-- EXERCISE MATERIALS follows --

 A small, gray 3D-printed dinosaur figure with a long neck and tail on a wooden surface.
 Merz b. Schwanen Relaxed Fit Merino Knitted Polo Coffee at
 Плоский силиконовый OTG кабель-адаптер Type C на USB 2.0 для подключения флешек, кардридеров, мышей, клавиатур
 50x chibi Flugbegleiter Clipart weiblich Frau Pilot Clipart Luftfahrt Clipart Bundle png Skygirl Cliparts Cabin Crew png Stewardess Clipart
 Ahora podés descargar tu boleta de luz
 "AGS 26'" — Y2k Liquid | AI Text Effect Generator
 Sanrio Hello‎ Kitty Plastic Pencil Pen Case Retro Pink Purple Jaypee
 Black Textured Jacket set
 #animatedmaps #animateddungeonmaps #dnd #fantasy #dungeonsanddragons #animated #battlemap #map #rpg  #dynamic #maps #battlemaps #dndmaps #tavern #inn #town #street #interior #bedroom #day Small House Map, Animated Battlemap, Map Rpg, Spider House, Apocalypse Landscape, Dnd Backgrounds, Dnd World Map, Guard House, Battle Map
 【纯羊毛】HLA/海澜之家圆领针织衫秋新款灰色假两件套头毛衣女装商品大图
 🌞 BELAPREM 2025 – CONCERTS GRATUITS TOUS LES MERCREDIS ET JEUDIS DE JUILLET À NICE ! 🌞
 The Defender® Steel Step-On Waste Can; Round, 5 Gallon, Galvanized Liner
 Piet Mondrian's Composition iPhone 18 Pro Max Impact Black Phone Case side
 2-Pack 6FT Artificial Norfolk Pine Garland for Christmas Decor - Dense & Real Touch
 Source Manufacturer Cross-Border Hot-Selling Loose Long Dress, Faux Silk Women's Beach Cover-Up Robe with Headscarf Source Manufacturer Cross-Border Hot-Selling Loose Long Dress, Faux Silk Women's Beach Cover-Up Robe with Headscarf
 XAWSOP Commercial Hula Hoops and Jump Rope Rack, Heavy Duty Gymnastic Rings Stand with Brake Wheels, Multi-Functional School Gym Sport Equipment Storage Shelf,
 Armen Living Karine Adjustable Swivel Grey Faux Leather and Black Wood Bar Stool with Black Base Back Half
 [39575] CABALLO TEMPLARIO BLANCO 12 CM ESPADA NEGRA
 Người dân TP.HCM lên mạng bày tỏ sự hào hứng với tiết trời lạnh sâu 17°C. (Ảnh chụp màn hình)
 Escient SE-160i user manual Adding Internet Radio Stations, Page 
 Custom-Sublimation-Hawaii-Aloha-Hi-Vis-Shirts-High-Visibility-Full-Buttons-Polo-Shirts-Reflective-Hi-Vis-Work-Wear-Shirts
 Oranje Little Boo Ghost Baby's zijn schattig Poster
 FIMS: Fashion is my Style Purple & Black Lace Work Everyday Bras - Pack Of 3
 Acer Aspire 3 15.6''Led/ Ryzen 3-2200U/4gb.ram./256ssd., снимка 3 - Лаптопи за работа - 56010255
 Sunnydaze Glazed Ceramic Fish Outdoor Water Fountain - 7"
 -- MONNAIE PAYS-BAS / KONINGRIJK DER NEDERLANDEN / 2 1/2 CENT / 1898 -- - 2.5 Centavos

-- EXERCISE MATERIALS concluded --

WHAT TO WORK ON - Set down, unchanged, only those lines above that fall between the line with "Oranje Little Boo" and the line with "Sunnydaze Glazed Ceramic", the two end lines included.

RESULT -
 Oranje Little Boo Ghost Baby's zijn schattig Poster
 FIMS: Fashion is my Style Purple & Black Lace Work Everyday Bras - Pack Of 3
 Acer Aspire 3 15.6''Led/ Ryzen 3-2200U/4gb.ram./256ssd., снимка 3 - Лаптопи за работа - 56010255
 Sunnydaze Glazed Ceramic Fish Outdoor Water Fountain - 7"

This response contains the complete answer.